Setelah menjadi Muslim, ia merasa hatinya lebih tenang dan mantap. Ia meyakini bahwa Islam adalah kebenaran yang dapat diterima oleh hati, akal, dan pikiran. Namun, ia juga menyayangkan bahwa meskipun ajaran Islam itu benar, banyak umat Muslim yang belum memahami Islam secara mendalam.
Sebelum masuk Islam, Lasiman mengaku telah membantu memurtadkan ribuan orang Muslim melalui berbagai program bantuan sosial, seperti pemberian susu dan pakaian. Semua kegiatan itu dilakukan secara sistematis dan terpadu.

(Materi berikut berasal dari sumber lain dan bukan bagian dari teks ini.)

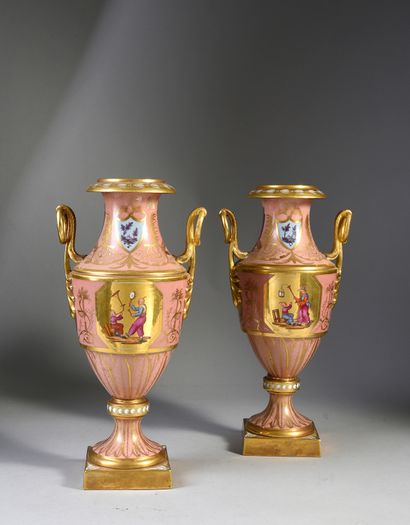 null BEAUTIFUL PAIR OF LARGE VASES, PARIS PORCELAIN, 19th CENTURY. Of spindle form,...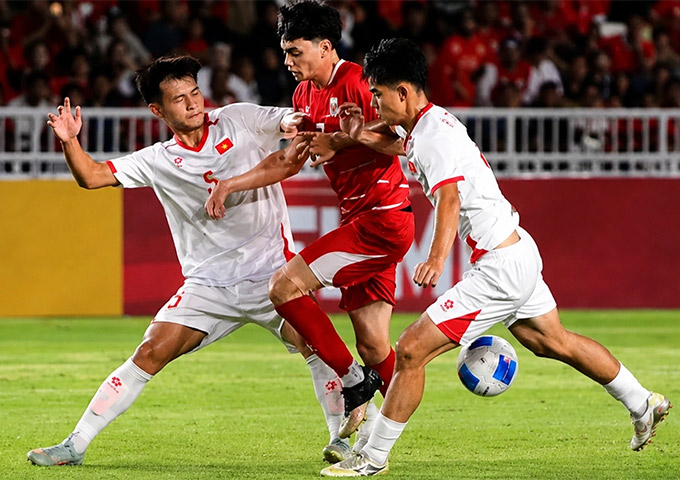 U19 Indonesia giành chiến thắng 2-1 trước U19 Việt Nam ở lượt trận cuối bảng A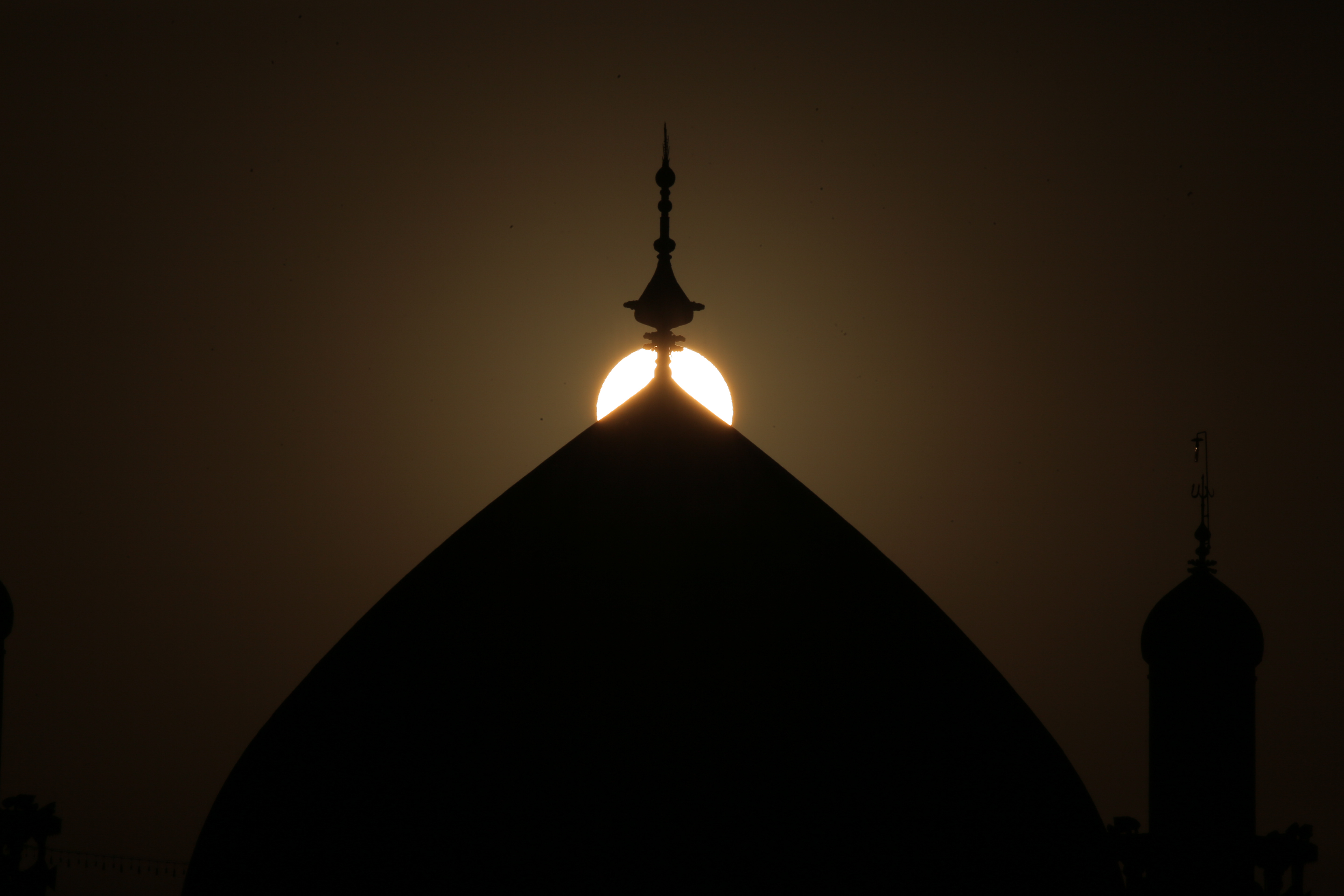 صلى الله عليك يا أمير المؤمنين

Namun, setelah menjadi Muslim, ia justru merasa bertanggung jawab untuk mengembalikan orang-orang yang telah murtad agar kembali kepada Islam.
Untuk itu, pada tahun 1991, ia bersama Mohammad Natsir mendirikan lembaga Al Mantik di Jakarta. Melalui lembaga ini, ia aktif berdakwah dan berupaya mengembalikan umat Islam yang telah berpindah keyakinan. Bersama rekan-rekannya, ia juga mendeklarasikan gerakan masuk Islam yang melibatkan masyarakat se-ASEAN.
Dalam perjalanannya, Lasiman menghadapi berbagai tantangan, tetapi ia tetap teguh dalam keyakinannya. Ia meyakini bahwa tantangan dan penderitaan adalah bagian dari sunnatullah yang harus dihadapi oleh setiap Muslim yang berjuang menegakkan agama Islam. Baginya, tidak ada kebahagiaan tanpa perjuangan, dan perjuangan dalam Islam adalah jalan menuju kesuksesan sejati.